On 1/6/2004 2:22 PM, Mark Crispin wrote:

> As far as creating namespaces themselves, these are usually an artifact
> of the implementation software and not a level of hierarchy.  It may be
> helpful to think of namespaces as being like the D: and E: drives in 
> Windows with the default namespace being the C: drive.

Right, they are partitions of the underlying mailstore. The partitions may
be tied to one or more filesystems, or they may be logical representations
of a filesystem (eg, netnews) or some representation of a database
subsystem, or whatever.

> It's perfectly valid for an implementation not to have any namespaces; 
> think of UNIX which only has one filesystem.

Usually. Remote filesystems can have different semantics in some cases (a
DOS floppy, for example), although most of the time the filesystems are
homogonized.

With IMAP, the visible semantic differences tend to be in the separator
syntaxes, such as a newsgroup partition having a different separator
syntax than the personal partitions (even if the same filesystem is in use
for both of them).

Obviously I'm not telling anybody anything new here, but its also obvious
that partitions are discrete units of data (they can even be queried for
some attributes, but this is very limited functionality), and my feeling
is that it would be useful to allow their management as such.

>> The largest addressable unit of data in the protocol is the folder,
>> not the overall mailstore or its individual partitions that hold the
>> different folders and hierarchies.

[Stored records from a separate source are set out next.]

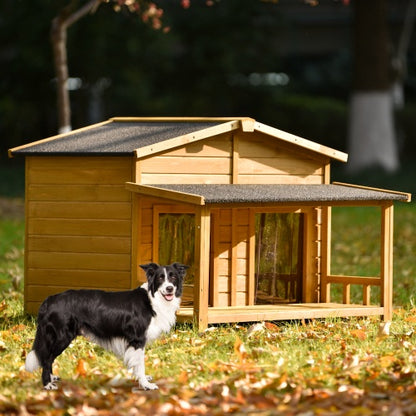 Large Wooden Dog House Outdoor Hut Style With Porch, 2 Doors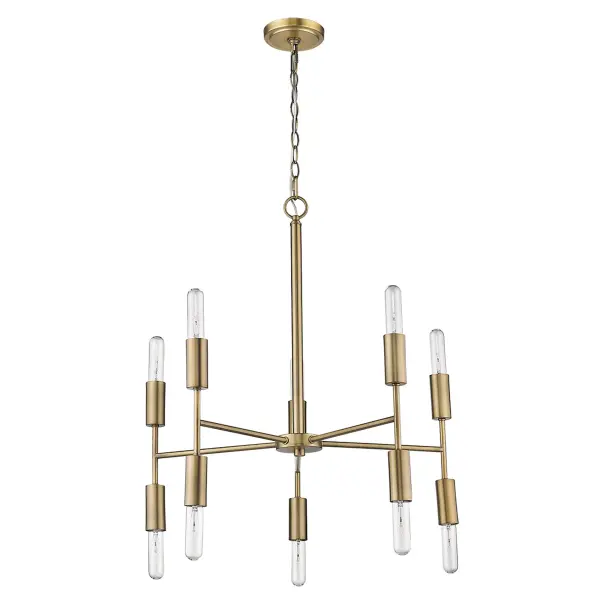 Perret 10-Light Chandelier in Aged Brass - Image 4
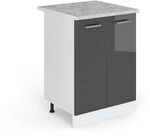Vicco K&uuml;chenunterschrank R-Line, Anthrazit Hochglanz, 60 cm, AP Marmor, zur...
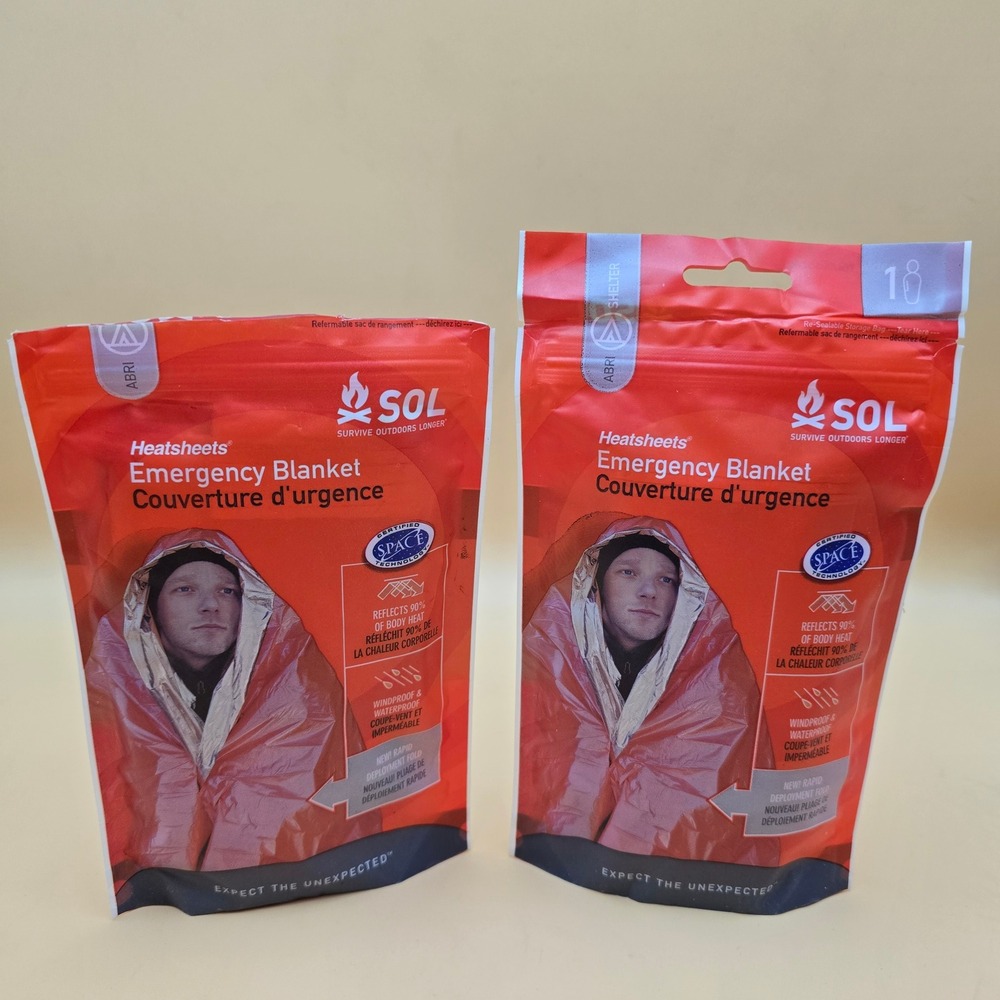 SOL Survive Outdoors Longer Heatsheets Emergency Blanket 56x84 Orange 2 Pack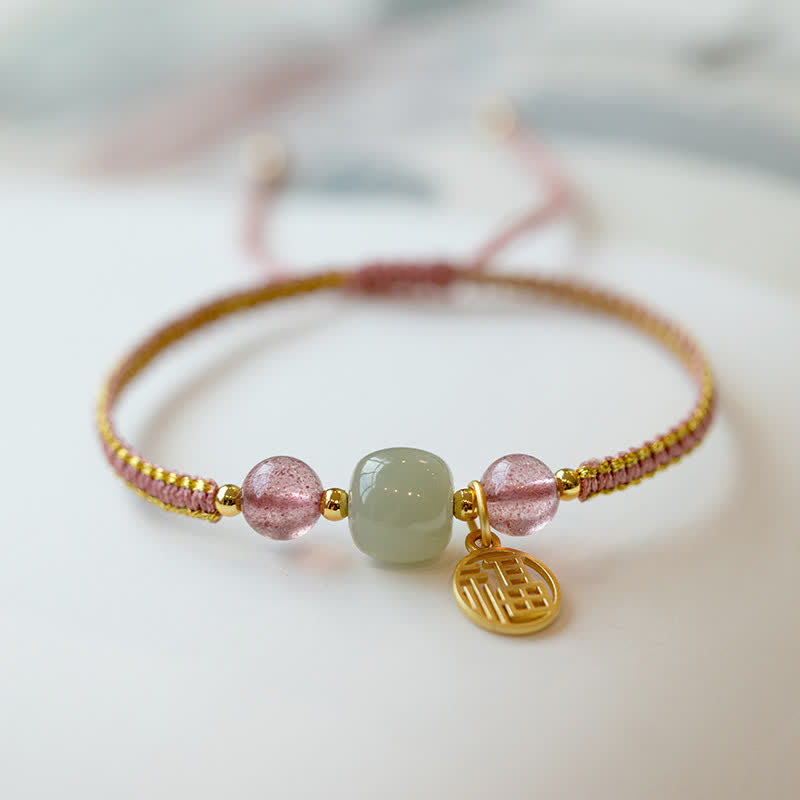 Red Agate Jade Lotus Confidence Calm String Bracelet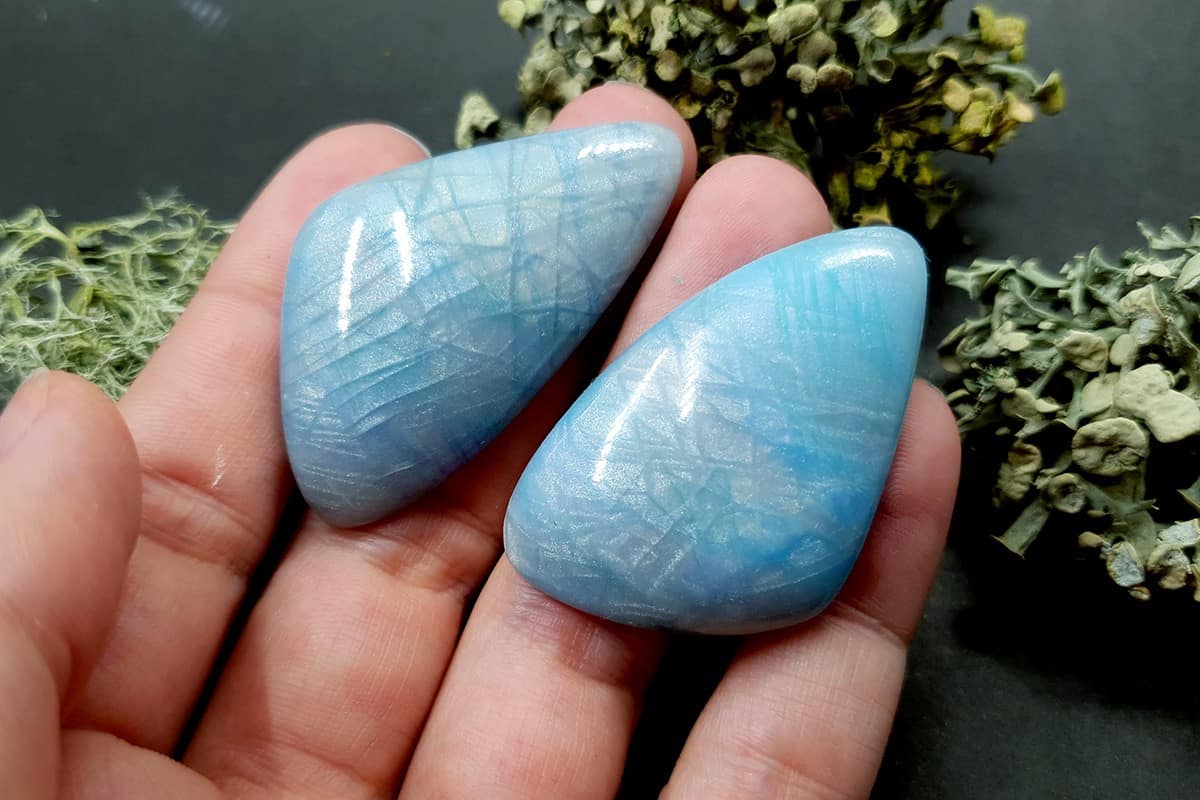 2 cabochons Faux Moonstone from Polymer Clay (#4) Cabochons SweetyBijou Cabochons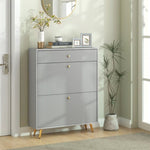 ZUN Gray shoe cabinet with adjustable shoe rack 17428289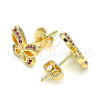 Arete Dormilona 02.156.0455.1 Oro Laminado, Diseño de Mariposa, con Rubi Micro Pave, Pulido, Tono Dorado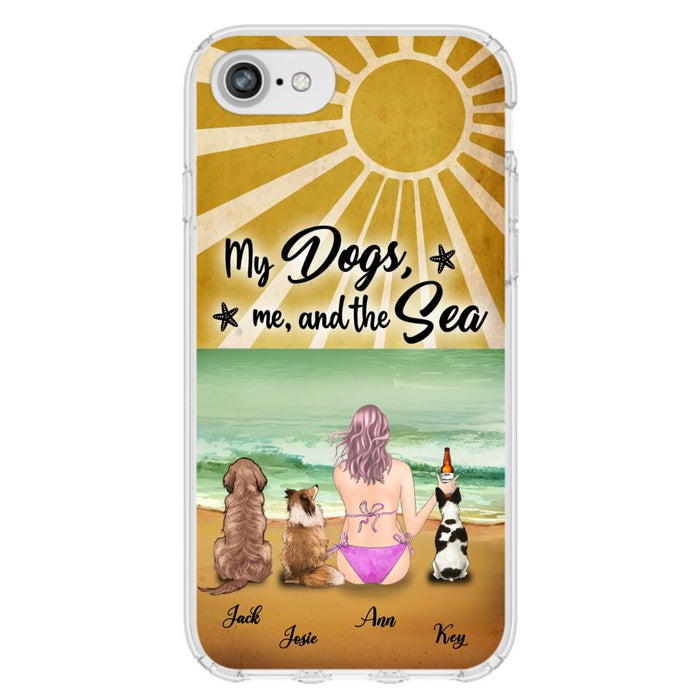 Custom Personalized Dog Mom Phone Case - Gifts For Dog Lovers With Upto 3 Dogs - My Dogs,Me And The Sea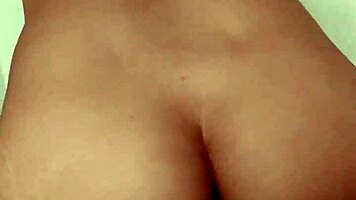 I'm masturbating while he fucks my big ass with his monster cock, and I love it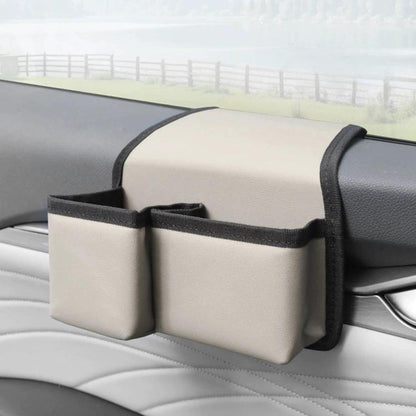 Multifunctional Car Cup Holder Foldable Window Door Side Storage Box, Oxford Fabric Black, Leather Black, Leather Grey, Leather Beige, Leather Red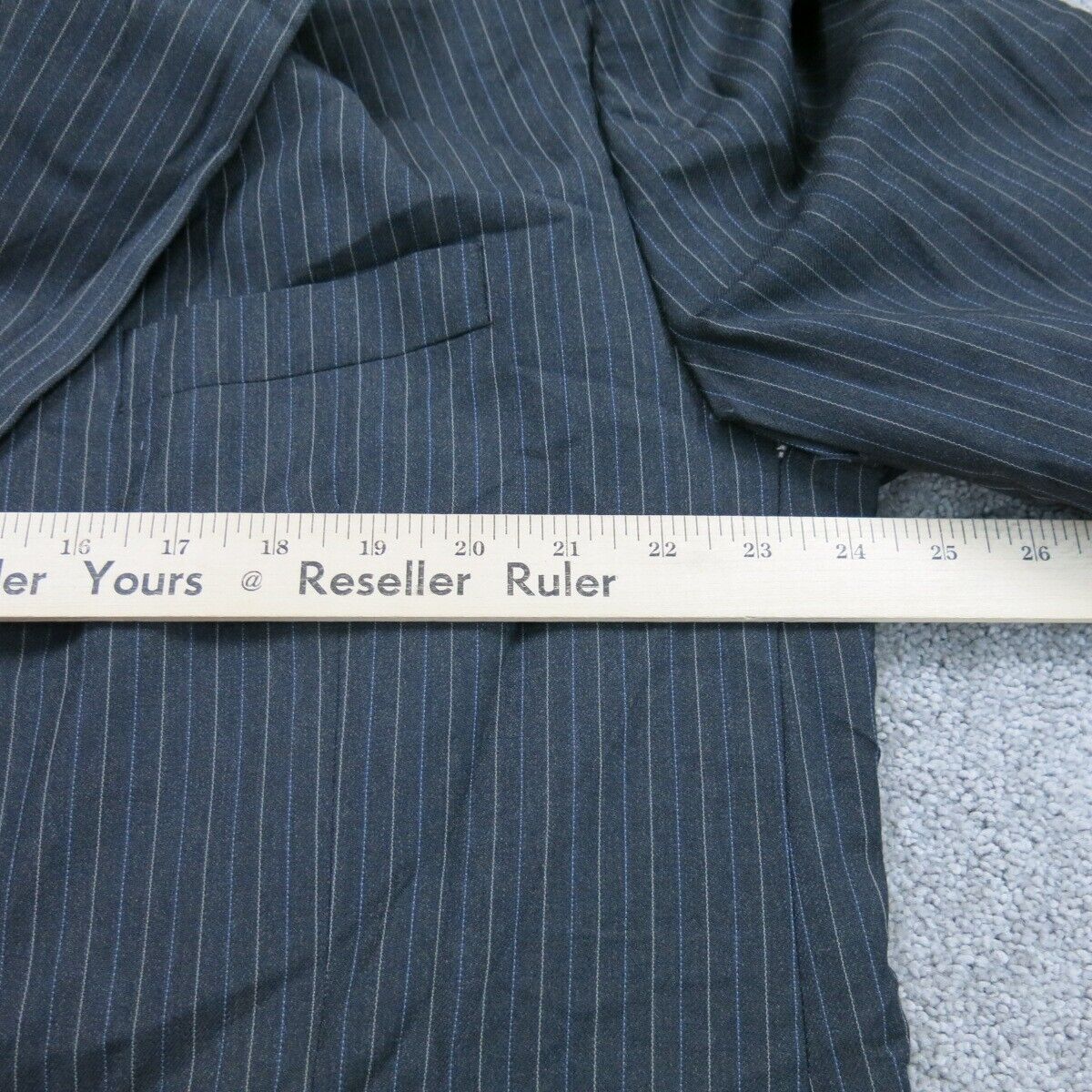 Vintage Mens Blazer Coat Striped Single Breasted Long Sleeve Black Size 50XL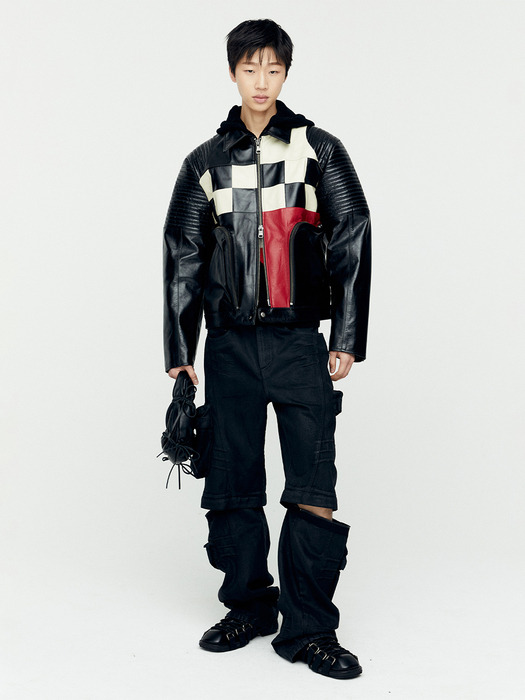 CHECKERBOARD PATCHWORK LEATHER BIKER JACKET awa632m(BLACK)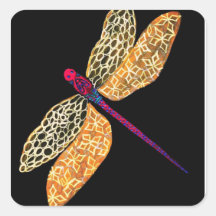 Golden Dragonfly Square Sticker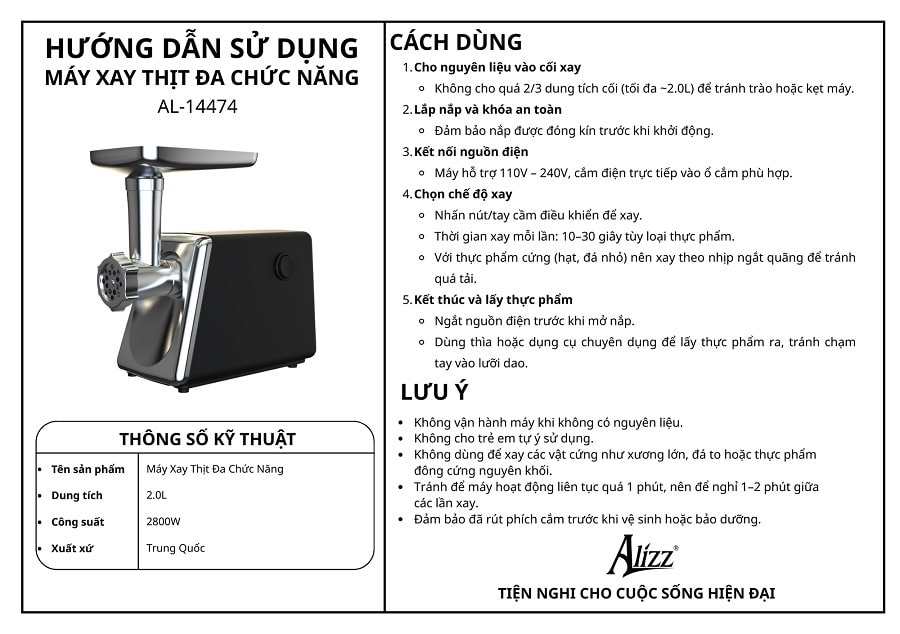 Máy xay thực phẩm gia dụng Alizz AL-14474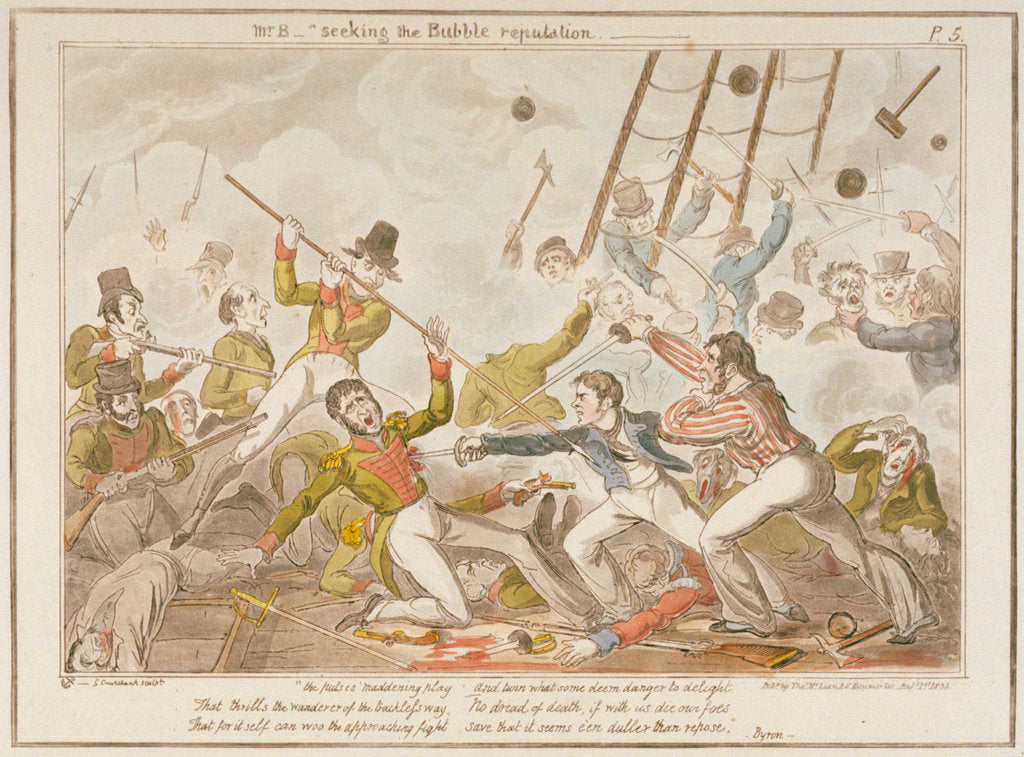 Detail of Midshipman Blockhead, Mr B seeking the Bubble reputation by George Cruikshank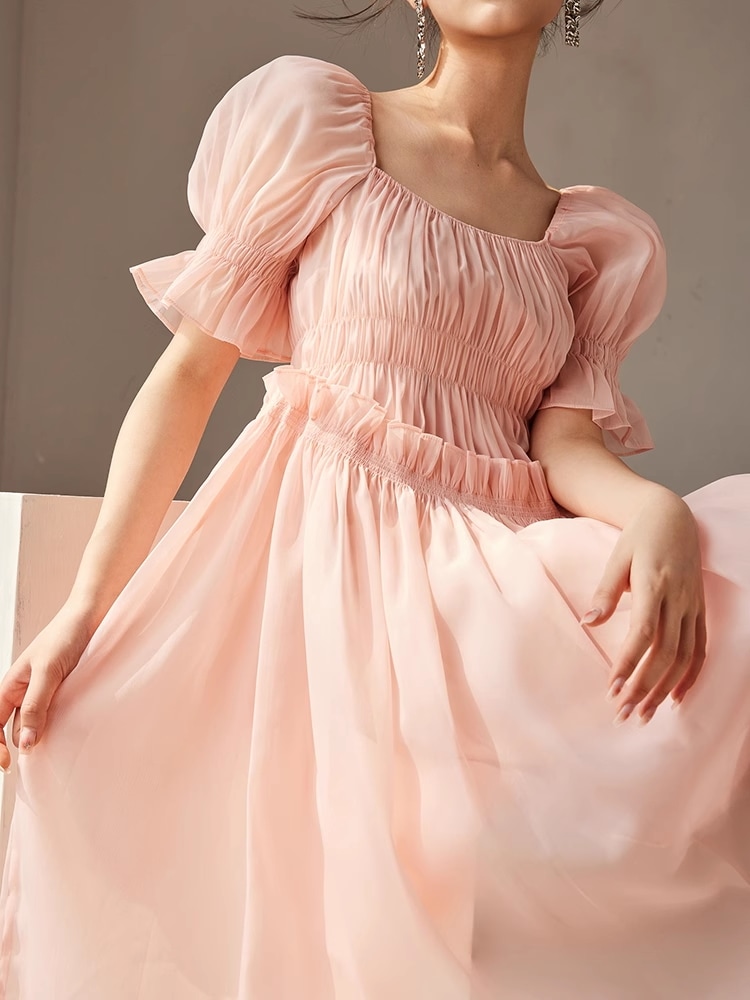 花柄 スカート ピンク ドレス 女性 夏 フレンチ スクエアカラー ドレス プリーツ スカート 個性的 ワンピース 膝丈 ひざ丈 膝下 袖あり 半袖 スクエアネック 襟なし 大人可愛い 大人 上品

Is this a weakness in the 
>> protocol, and should this support be added?
> 
> It's difficult to imagine how a protocol can manage creation of
> namespaces that refer to server based separate hierarchies.  Either the
> server has netnews or it doesn't.

Well, I don't see a lot of value in that particular example either, but
that's lots of value in being able to create an #archives partition on the
fly, assuming that the mailstore allows it.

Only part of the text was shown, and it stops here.